坂口、鵜久森補強もバーネット移籍へ。ヤクルト、連覇に向けた課題【新・燕軍戦記#17】
日本シリーズでは、パリーグ王者の福岡ソフトバンクホークスの前にあえなく屈した東京ヤクルトスワローズ。それでも2年連続最下位から巻き返し、14年ぶりのセリーグ制覇を成し遂げたことには胸を張っていい。来シーズンは球団史上2度目のリーグ連覇がかかるが、その前に直面している課題とは……。
2015/11/19
日本シリーズは完敗も、セリーグ制覇は色あせず
日本一を狙うヤクルトの前に立ちはだかった大きな壁。14年ぶりに臨んだ日本シリーズでは、パリーグ王者のソフトバンクにイヤというほど力の差を見せつけられた。それでも──。
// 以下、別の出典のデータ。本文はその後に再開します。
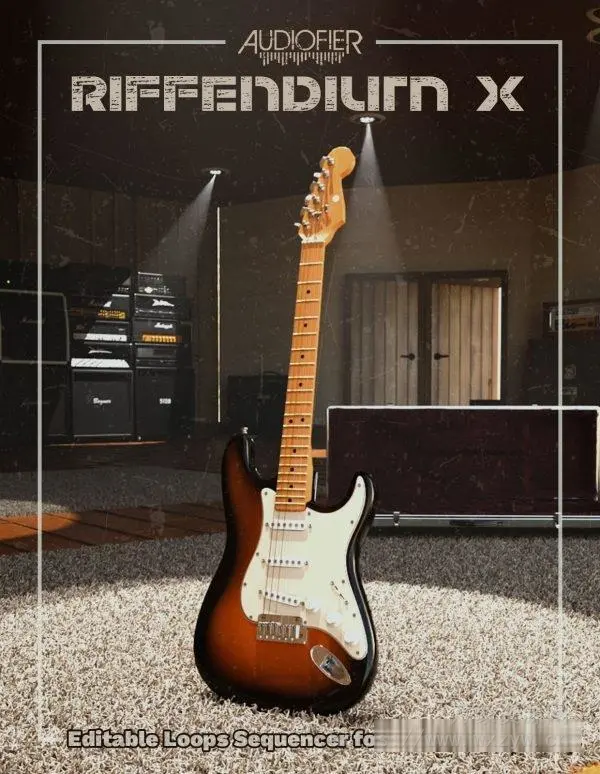 [吉他独奏音源]Audiofier Riffendium X [KONTAKT]（11.8 GB）
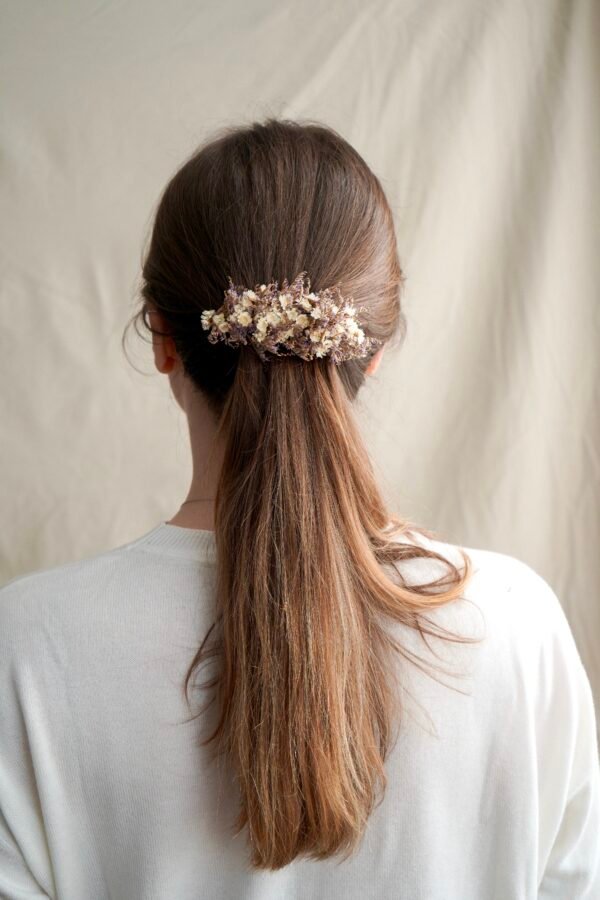 "Lilac" hair clip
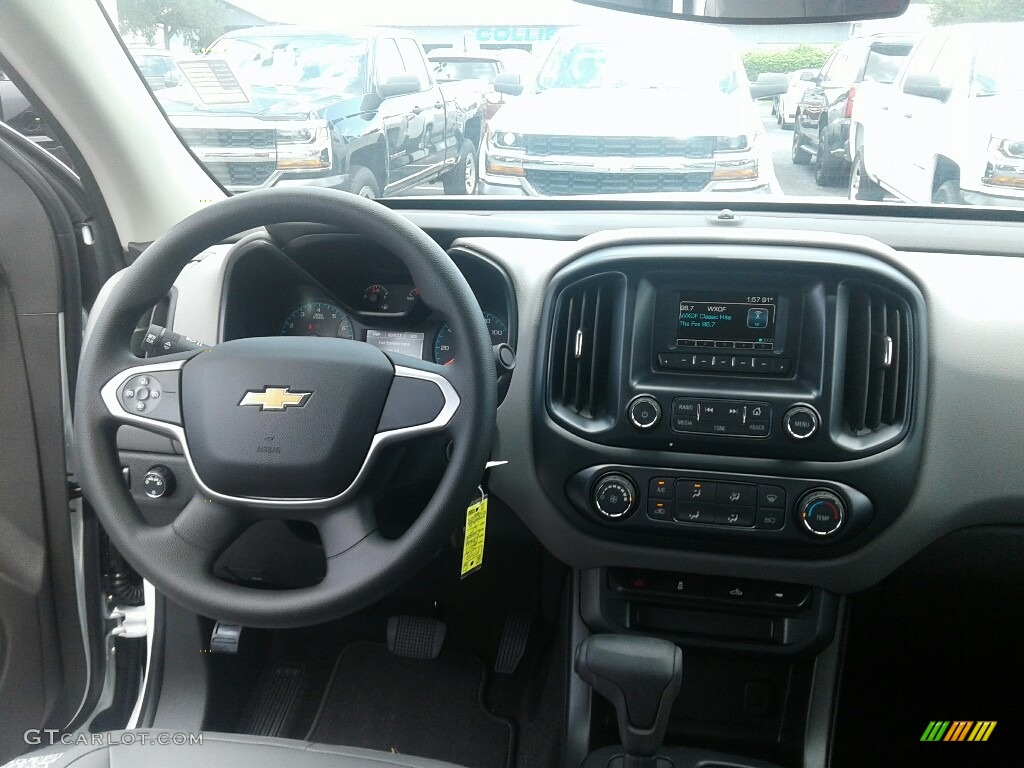 2017 Chevrolet Colorado WT Extended Cab Jet Black/­Dark Ash Dashboard Photo #121935490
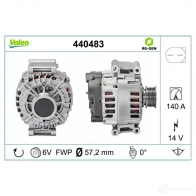 Генератор VALEO 440483 3276424404831 EWHNQE B 227813 - Изображение 4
「日本シリーズでは敗れましたけども、選手は2月のキャンプから必死で頑張りました。ホントに胸を張っていいと思いますね、セリーグの優勝は。それぐらい大変なものだったし、よくやったと思います」
今シーズンのナインの健闘を、就任1年目の真中満監督はそう言ってたたえた。日本一には届かなかったが、2年連続最下位という『どん底』から巻き返し、14年ぶりにセリーグを制したという事実は色あせることはない。今年の、特に終盤のヤクルトの戦いぶりは、それほどまでに素晴らしいものだった。
シーズン序盤の3、4月、いきなり勝ち越して今年は一味違うと思わせたものの、5月には9連敗を喫するなど、一時は『定位置』の最下位に沈んだこともあった。しかし、オーランド・ロマン、ローガン・オンドルセクの両セットアッパーから守護神トニー・バーネットにつなぐ勝利の方程式を確立できたことで、チーム全体に粘り強さが生まれた。
前半戦終了時点では4位ながら、首位の横浜DeNAとは1ゲーム差。後半戦に入ると二番・川端慎吾、三番・山田哲人、四番・畠山和洋と並べた新打線が機能し、投打の歯車がかみ合っていった。歴史的な大混戦を抜け出し、単独首位に立ったのは9月11日。シーズンが進むにつれてたくましさを増していった選手たちを、真中監督も「オレ以上に勝ちたいという気持ちがすごく伝わるし、全員が強い気持ちで戦ってる感じがする」と、頼もしげに見つめていた。
9月27日の巨人戦(東京ドーム)では14年目のベテラン、石川雅規が中4日のマウンドで5回1失点の力投を見せ、自ら先制打を放つ活躍でついにマジック3が点灯。最後は10月2日の阪神戦、延長11回サヨナラという劇的な形で優勝を決め、本拠地・神宮球場に詰めかけた超満員の観衆の前で、真中監督が歓喜の胴上げで宙に舞った。